Cache Memory Tutorial. What is a Cache Memory. Why Cache Memories are Needed. How does Cache Memories Work

The Processor: The processor on the SoC is ARM Cortex-M3 processor which can run say at 100 MHz. This means a clock cycle period of 10 ns. This means that the processor is able to execute 1 instruction every 10 ns.
The Memory: The way the SPI-Flash memory works is, it needs a 'ritual' of things to be done, before it can send back read data. First the chip select must be asserted, followed by a series of steps, i.e sending command, address etc, and finally the SPI-Flash starts sending the data corresponding to the address. In summary it can be 100s of ns before the SPI-Flash will send the data corresponding to the address. The initial 'ritual' once performed, the data can be fetched sequentially from the start address to any length. This means it is efficient to read multiple data bytes once the initial 'ritual' is performed. On the other hand if we just read one byte or word at a time, and de-assert the chip-select, the whole 'ritual' must be performed again, before the next data byte/word may be fetched. A bit more about SPI/QSPI is here.

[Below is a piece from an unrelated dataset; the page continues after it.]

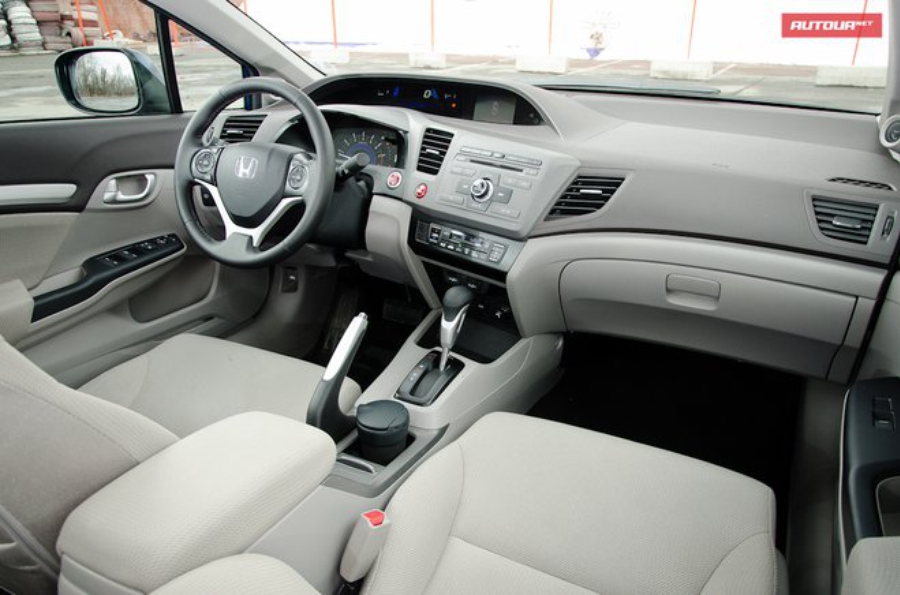 Тест-драйв Honda Civic седан (Хонда Цивик седан) интерьер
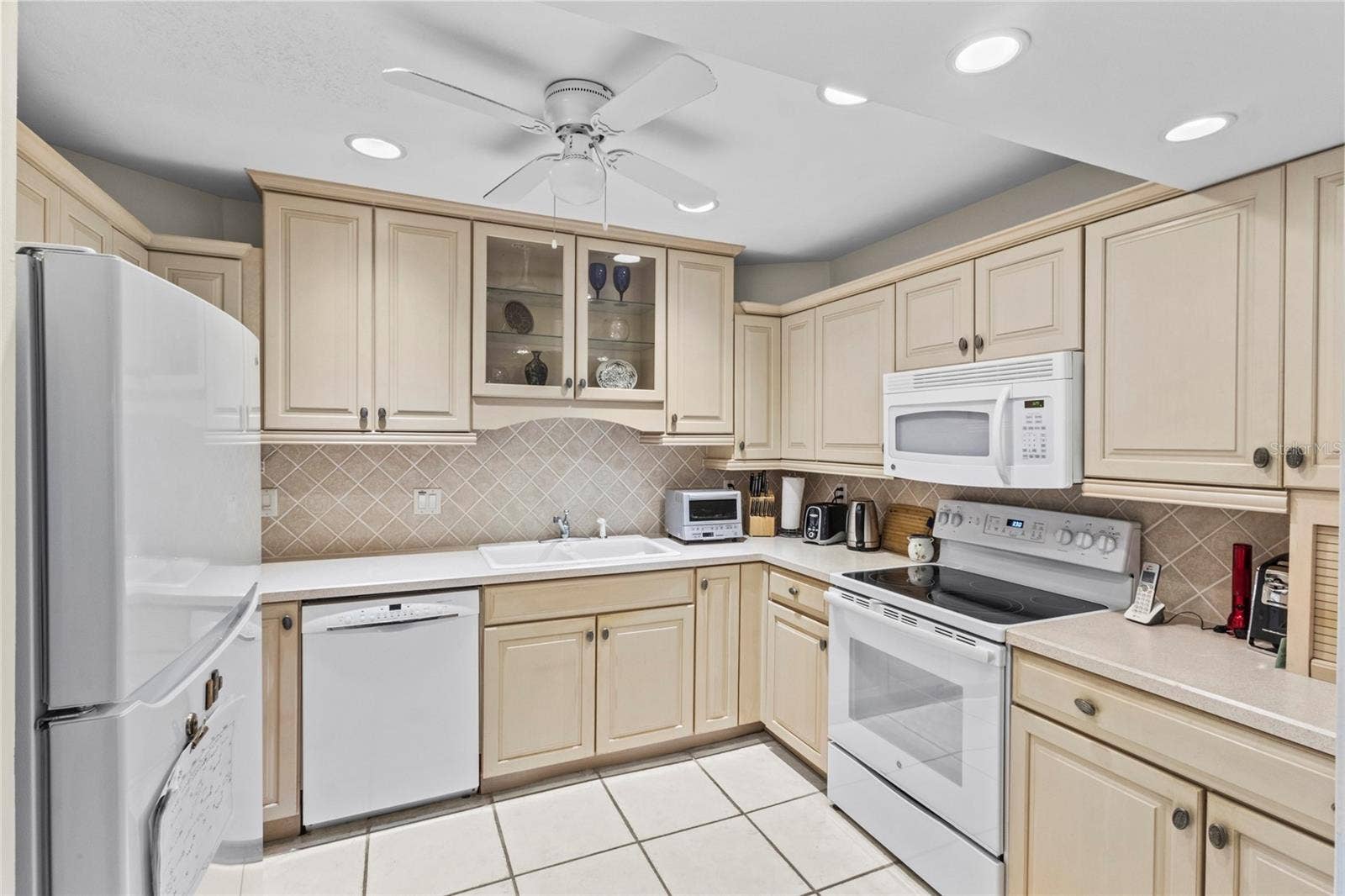 1633 BOATHOUSE CIRCLE, #232, Sarasota, FL 34231 Kitchen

The processor is running a lot faster, the memory is a lot slow. When the processor requests one 32 bit word at a time, it will be desirable to get few more 32 bit 'anticipatory' data words from SPI-Flash, and store them somewhere, such that, if the following request from processor is a sequential fetch from next address location, the SPI-Flash 'ritual' can be avoided. This arrangement is shown in the figure below: Notice the '256 bit Register + Control Logic' between the processor and SPI-controller,

Figure-2: Simple System with Processor, SPI-Memory Controller, and SPI Flash Memory with 256-bit register+control Logic

Using the scheme of Figure 2 shown above, when the processor sends its first access i.e. ACCESS0 @ address 0, it waits for a long time to get the data back, as the full SPI 'ritual' must be performed. However if the following accesses from the processor e.g. ACCESS1, ACCESS2, ACCESS3 are at address 1, address 2 and address 3 sequentially, then for these requests, the processor will not wait as much as it has to wait for ACCESS0, because the '256 bit reg + controller' logic fetches the locations at these addresses in anticipation and stores them in the 256 bit registers, and hence the SPI initial 'ritual' is avoided for these subsequent accesses. Though the processor will still 'stall' between accesses, but the 'stall' times are clearly reduced.

Worked Out example:
SPI initial 'ritual' time (Tr) = 1000 ns
SPI time to fetch 1 32 bit data word following ritual (Ta) = 200 ns
Time needed to get 8 32 bit data words in Figure 1 (Ttf1)
Ttf1 = 8 x (Tr + Ta) = 8 x (1000 + 200) ns = 9600 ns.
Time needed to get 8 32 bit data words in Figure 2 (Ttf2)
Ttf2 = Tr + 8 x Ta = 1000 + 8 * 200 = 2600 ns.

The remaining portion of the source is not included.